3. Preaching through Romans - this has been awesome for me. I love getting a handle on the message of a whole book, and I understand Romans so much better than I have before, and it has really clarified lots about our walk with Christ. Romans 6:13 and Romans 12:1-2 were the best for me.

4. Getting ahead on Message Prep and Service Planning -- Peachtree is officially four weeks out on service planning (sermon AND music and creative elements). This is a first! Clinton, Sheila, and I have worked really hard all summer to get ourselves ahead. We've also got series mapped out through the end of the year.

5. Writing a book - I'll save this one for a post by itself.

Adoption Progress and How it All Began

Today Katie and I turned in the very last of the paperwork for our adoption from China. Praise God! It is now in China's hands (and the Lord's). We should get our LID (log-in date) sometime next week.

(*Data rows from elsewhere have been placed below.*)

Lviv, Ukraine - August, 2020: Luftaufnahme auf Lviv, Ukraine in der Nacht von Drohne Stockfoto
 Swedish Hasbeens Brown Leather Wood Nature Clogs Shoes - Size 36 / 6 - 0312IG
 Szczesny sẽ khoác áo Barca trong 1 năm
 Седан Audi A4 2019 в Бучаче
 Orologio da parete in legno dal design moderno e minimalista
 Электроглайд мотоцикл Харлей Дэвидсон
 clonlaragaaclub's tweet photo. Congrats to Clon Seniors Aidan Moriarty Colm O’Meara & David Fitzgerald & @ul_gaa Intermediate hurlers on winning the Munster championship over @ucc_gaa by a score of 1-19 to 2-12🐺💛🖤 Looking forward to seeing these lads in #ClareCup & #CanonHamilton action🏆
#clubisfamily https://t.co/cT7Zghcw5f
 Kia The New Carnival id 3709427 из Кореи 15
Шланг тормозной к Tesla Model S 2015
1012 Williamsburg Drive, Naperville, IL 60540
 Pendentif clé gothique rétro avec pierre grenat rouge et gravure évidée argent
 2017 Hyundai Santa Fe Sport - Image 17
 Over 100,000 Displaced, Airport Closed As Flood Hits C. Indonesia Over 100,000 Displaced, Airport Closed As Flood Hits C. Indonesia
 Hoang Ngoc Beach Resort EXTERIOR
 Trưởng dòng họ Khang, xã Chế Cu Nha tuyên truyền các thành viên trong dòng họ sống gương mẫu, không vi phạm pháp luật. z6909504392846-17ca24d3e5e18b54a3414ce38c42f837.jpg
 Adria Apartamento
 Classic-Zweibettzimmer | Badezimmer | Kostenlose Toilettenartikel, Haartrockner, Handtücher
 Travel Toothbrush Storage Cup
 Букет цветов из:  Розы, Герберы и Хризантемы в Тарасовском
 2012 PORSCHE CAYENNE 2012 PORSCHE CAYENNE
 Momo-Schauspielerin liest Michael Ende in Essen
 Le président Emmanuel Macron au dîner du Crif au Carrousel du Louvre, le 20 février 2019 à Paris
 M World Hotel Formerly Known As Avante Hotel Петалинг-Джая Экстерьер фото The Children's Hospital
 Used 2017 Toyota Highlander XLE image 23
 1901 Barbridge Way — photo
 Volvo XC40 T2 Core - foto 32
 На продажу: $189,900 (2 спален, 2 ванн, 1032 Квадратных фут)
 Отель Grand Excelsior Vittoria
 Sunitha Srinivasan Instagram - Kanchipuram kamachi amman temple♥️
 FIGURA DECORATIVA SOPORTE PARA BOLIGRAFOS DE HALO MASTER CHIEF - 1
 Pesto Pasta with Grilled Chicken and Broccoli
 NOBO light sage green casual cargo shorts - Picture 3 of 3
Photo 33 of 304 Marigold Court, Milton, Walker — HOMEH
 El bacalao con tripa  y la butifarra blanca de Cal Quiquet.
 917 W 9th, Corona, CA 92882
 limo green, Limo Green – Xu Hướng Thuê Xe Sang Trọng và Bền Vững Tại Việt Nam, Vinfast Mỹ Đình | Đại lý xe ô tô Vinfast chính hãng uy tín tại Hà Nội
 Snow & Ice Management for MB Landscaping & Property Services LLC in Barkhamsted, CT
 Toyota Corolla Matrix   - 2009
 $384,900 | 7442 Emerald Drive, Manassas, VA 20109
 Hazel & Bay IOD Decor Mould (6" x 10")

This process began May 2007. We were bike riding at the Silver Comet trail and actually were talking about dream travel plans we had (it you don't make a regular habit of dreaming with your spouse, you're missing out; it's so fun to share your biggest, boldest thoughts with someone, and it's amazing how many dreams we share with each other that God ends us bringing about) I changed subjects and mentioned that I had thought about adopting from overseas as a dream, and Katie promptly told me she'd been thinking the same thing recently.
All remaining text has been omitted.